▸ What is being asked
Reproduce word for word the line holding "RAINPAWRORY's head" and all lines after it in the data, through the end, leaving out pictures.

▸ Captioned web images

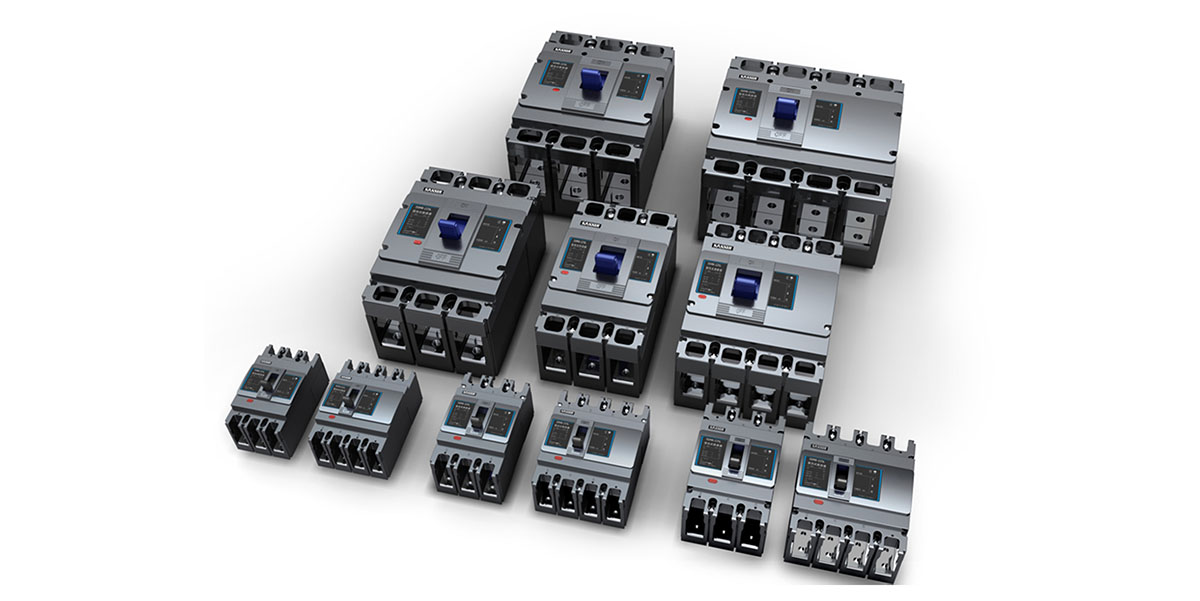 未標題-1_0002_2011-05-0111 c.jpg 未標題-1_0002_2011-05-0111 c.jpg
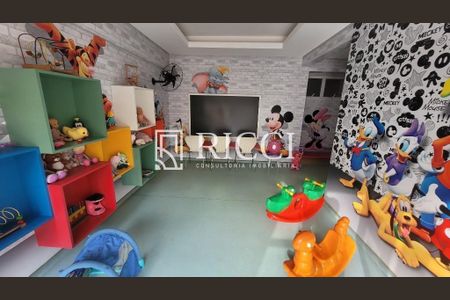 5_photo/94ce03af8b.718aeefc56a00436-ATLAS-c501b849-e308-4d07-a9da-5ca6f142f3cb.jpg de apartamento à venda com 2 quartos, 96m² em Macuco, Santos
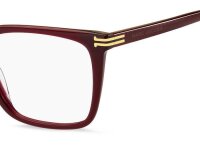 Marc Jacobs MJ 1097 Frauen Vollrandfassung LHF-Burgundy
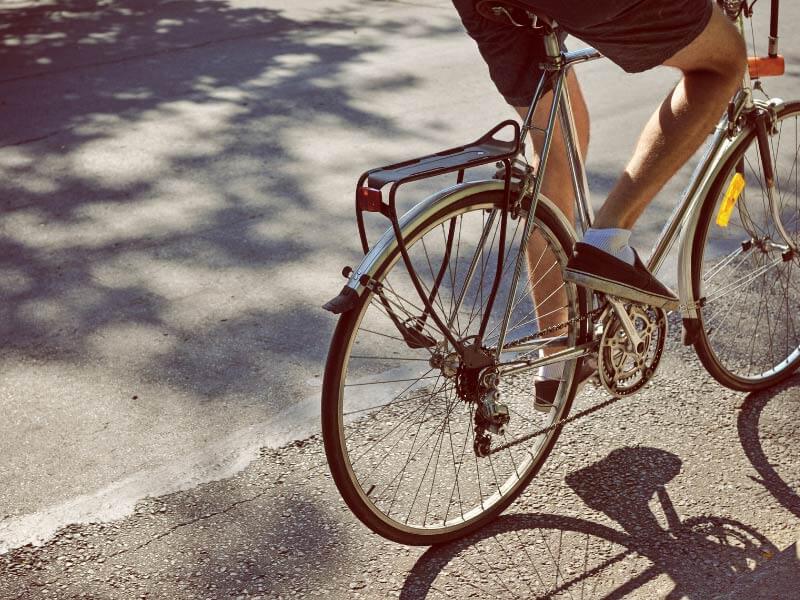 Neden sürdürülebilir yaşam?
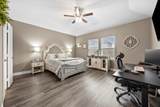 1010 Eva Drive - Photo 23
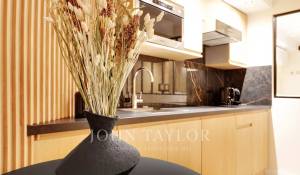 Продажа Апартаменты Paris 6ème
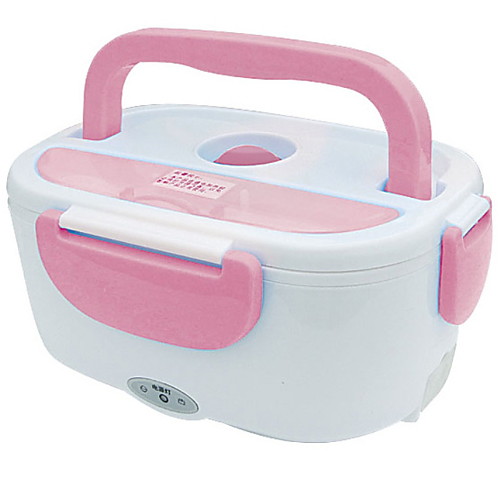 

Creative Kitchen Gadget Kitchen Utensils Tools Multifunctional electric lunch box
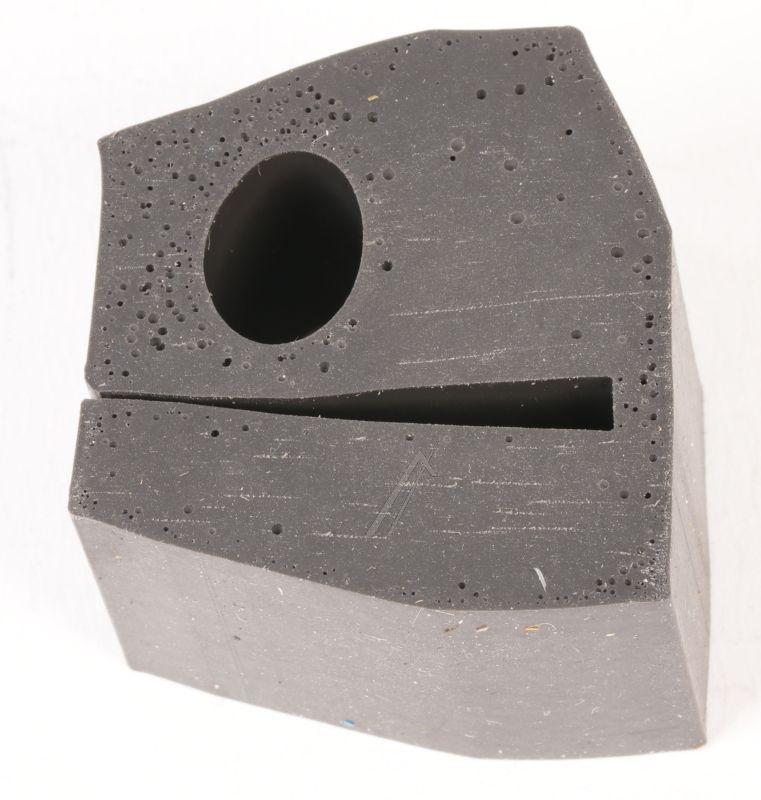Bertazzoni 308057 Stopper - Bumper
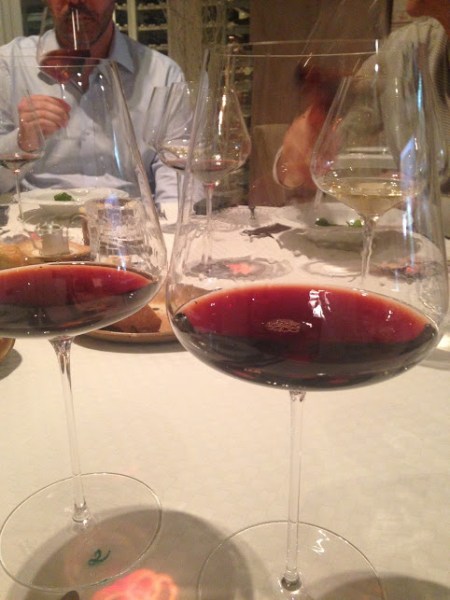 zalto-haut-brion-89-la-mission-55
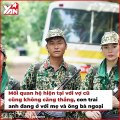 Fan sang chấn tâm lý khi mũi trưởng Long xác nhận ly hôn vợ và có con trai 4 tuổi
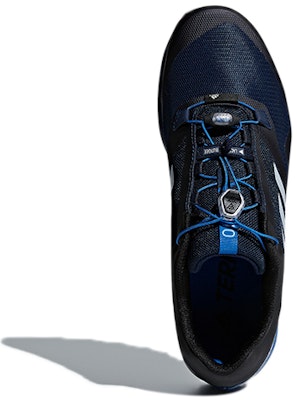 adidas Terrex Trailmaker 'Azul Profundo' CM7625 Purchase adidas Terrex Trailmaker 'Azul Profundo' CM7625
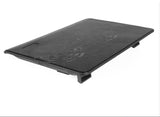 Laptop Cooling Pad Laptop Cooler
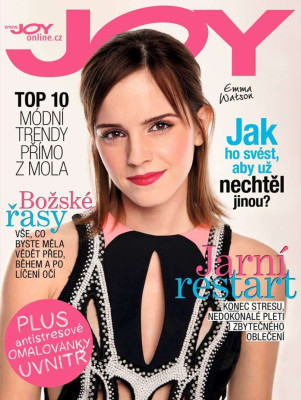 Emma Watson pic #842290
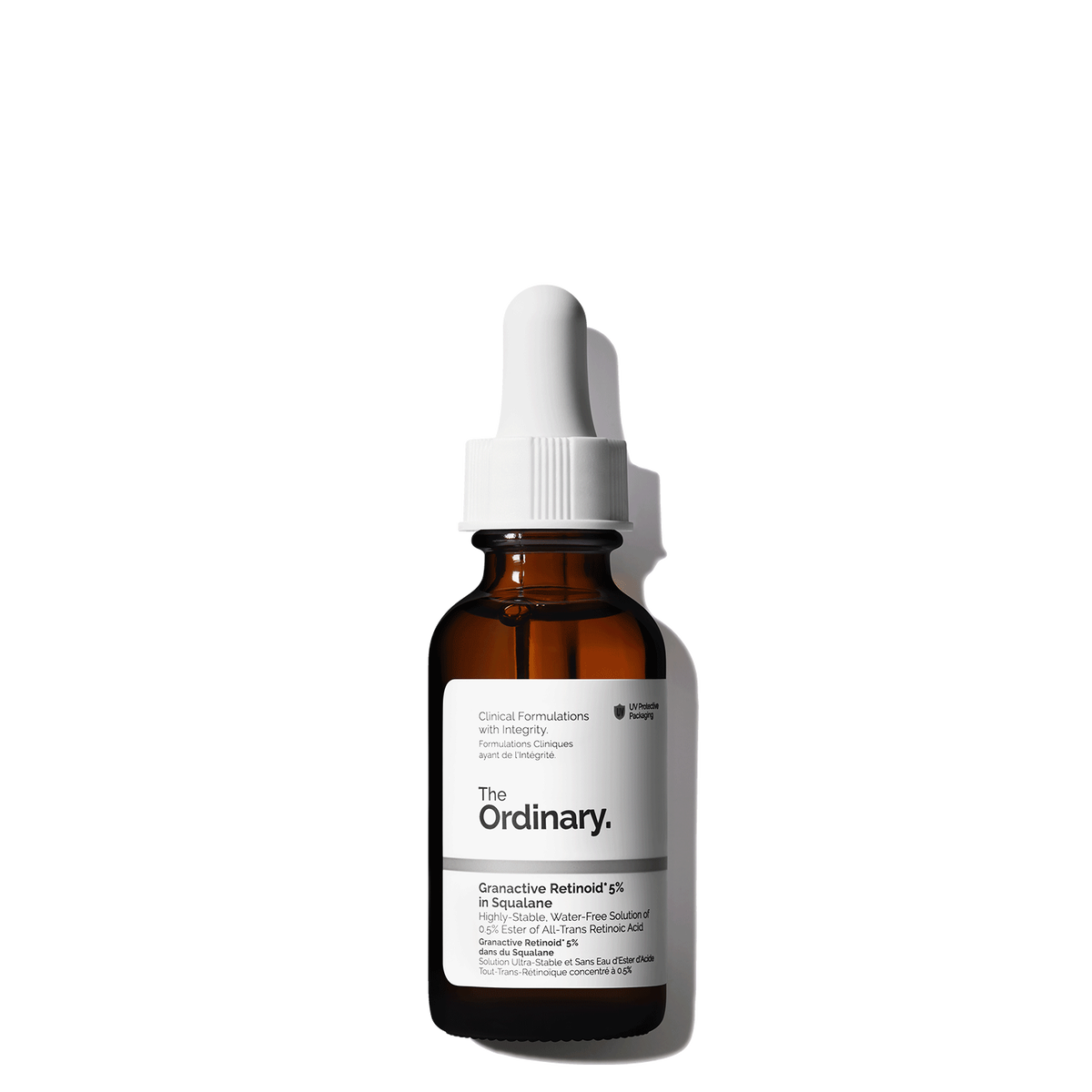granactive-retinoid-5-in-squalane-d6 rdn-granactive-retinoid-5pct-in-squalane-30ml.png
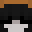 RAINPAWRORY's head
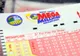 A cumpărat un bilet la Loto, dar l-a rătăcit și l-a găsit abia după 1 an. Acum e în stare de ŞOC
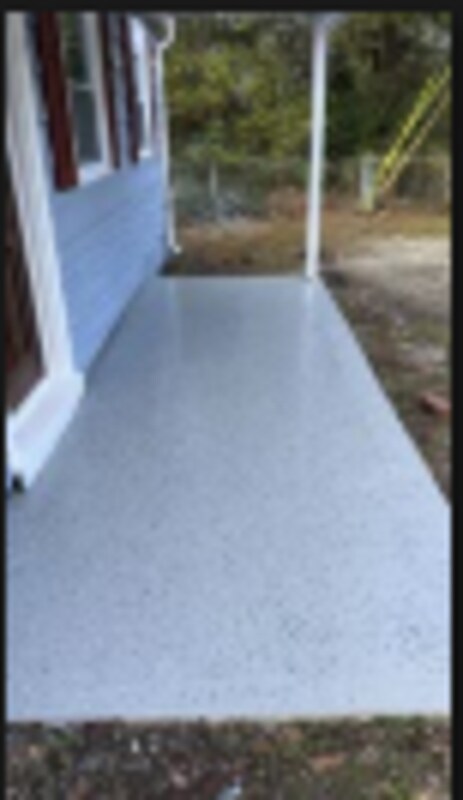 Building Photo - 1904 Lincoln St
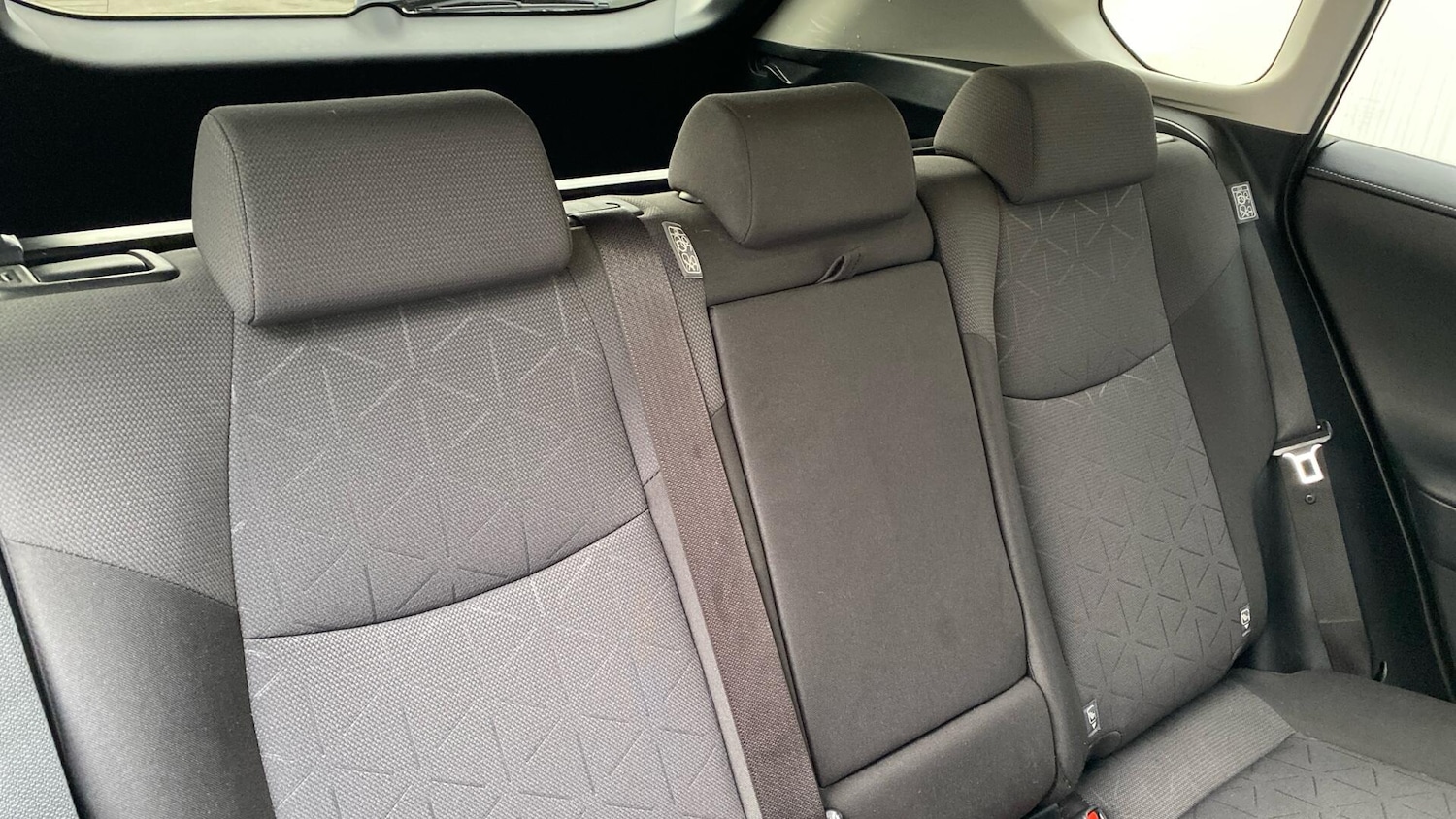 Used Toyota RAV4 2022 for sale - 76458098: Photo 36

▸ Task solution
 RAINPAWRORY's head
 A cumpărat un bilet la Loto, dar l-a rătăcit și l-a găsit abia după 1 an. Acum e în stare de ŞOC
 Building Photo - 1904 Lincoln St
 Used Toyota RAV4 2022 for sale - 76458098: Photo 36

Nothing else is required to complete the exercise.